The electrode array 200 also includes the third electrode 230, electrically connected to the first electrodes 210 and isolated from the second electrode 220. The third electrode 230 surrounds the second electrode 220 with a space of about 80 to 100 micrometers. Many third projections 232 are also evenly disposed on the third electrode 230 and toward the second electrode 220. In addition, the second projection 222 has two tips; one tip is positioned toward the first electrode 210, and the other tip is positioned toward the third electrode 230. Thus, cells would line up between the second projection 222 and the third projection 232.
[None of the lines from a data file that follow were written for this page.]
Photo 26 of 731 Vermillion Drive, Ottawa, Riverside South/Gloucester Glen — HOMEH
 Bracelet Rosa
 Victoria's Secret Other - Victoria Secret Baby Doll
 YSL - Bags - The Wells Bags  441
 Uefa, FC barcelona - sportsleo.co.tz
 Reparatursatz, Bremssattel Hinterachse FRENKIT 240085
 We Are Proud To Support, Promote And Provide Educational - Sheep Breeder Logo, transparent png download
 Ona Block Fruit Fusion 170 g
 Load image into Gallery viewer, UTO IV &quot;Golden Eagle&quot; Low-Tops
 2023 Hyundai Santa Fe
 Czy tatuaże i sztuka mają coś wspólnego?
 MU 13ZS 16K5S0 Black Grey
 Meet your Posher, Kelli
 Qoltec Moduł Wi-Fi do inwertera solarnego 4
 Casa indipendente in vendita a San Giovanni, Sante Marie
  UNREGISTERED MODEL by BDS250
The third electrode 230 preferably is an arc-shaped conductor, and the first electrode 210 is located at the center of the arc-shaped conductor. The third projections 232 appear along the third electrode 230 every π/16 radian angle.

Radiate cell pattern constructed by more cells can be achieved as long as the electrode array of the present embodiment is expanded to form a multiple concentric-ring electrode array. The first electrode 210 is at the center of the electrode array. The odd-order ring electrodes are electrically connected to the first electrode 210, and the even-order ring electrodes are electrically connected to the second electrode 220. Projections are disposed on the each electrode rings. The projections on the electrode would be distributed more densely if the electrode is positioned at the periphery of the electrode array. For example, projections of the electrode (i.e. fourth electrode) disposed outside the third electrode 230 appear along the electrode (i.e. fourth electrode) every π/32 radian angle

Referring to attachment 1, showing a simulation result for the root mean square of ac electric field (E_square) for the electrode array of the second embodiment when numerical simulation of DEP induced by applying the potentials of 5 Vpk-pk at 1 MHz is applied thereto. The tips of the first, second and third projections repeatedly provide numerous local gradient maximum of electric field (labeled as pink and red) when applying potentials to the first electrode 210 and the second electrode 220. Due to positive DEP effect, the cells, under appropriate ac potentials, could be guided from the lower electric-field region to the higher electric-field region. As a result, the cells could be attracted by the field induced DEP and from the precise radiate pattern. Proven by following experiments, the bioartificial tissue mimicking hepatic lobule, in which hepatocytes and liver sinusoid endothelial cells are arranged in an radiate pattern and alternative order, is achieved with use of the electrode array of the second embodiment.

Cell culture and medium are explicated as follows. Human liver cell line, HepG2 (ATCC, HB8065) and Human umbilical vein endothelial cells (HUVECs) are adopted to this experiment. Human liver cell line, HepG2 is maintained at 37° C. with 95%/5% air/CO₂ in Iscove's modified Dulbecco medium (IMDM, Gibco-BRL, NY) containing 10% (v/v) heat-inactivated fetal bovine serum (FBS, Biological Industries, Israel) and antibiotics (100 U/ml penicillin and 100 U/ml streptomycin, Sigma-Aldrich Co., MO). HUVECs are maintained in M200 medium supplemented with low serum growth supplement (LSGS). For observation of heterogeneous-cell patterning, HepG2 and HUVECs are pre-labeled with biocompatible fluorescent dyes, Dio (green) and Dil (red), for the identification at eh excitation/emission wavelengths of 488/520 nm and 530/565 nm, respectively.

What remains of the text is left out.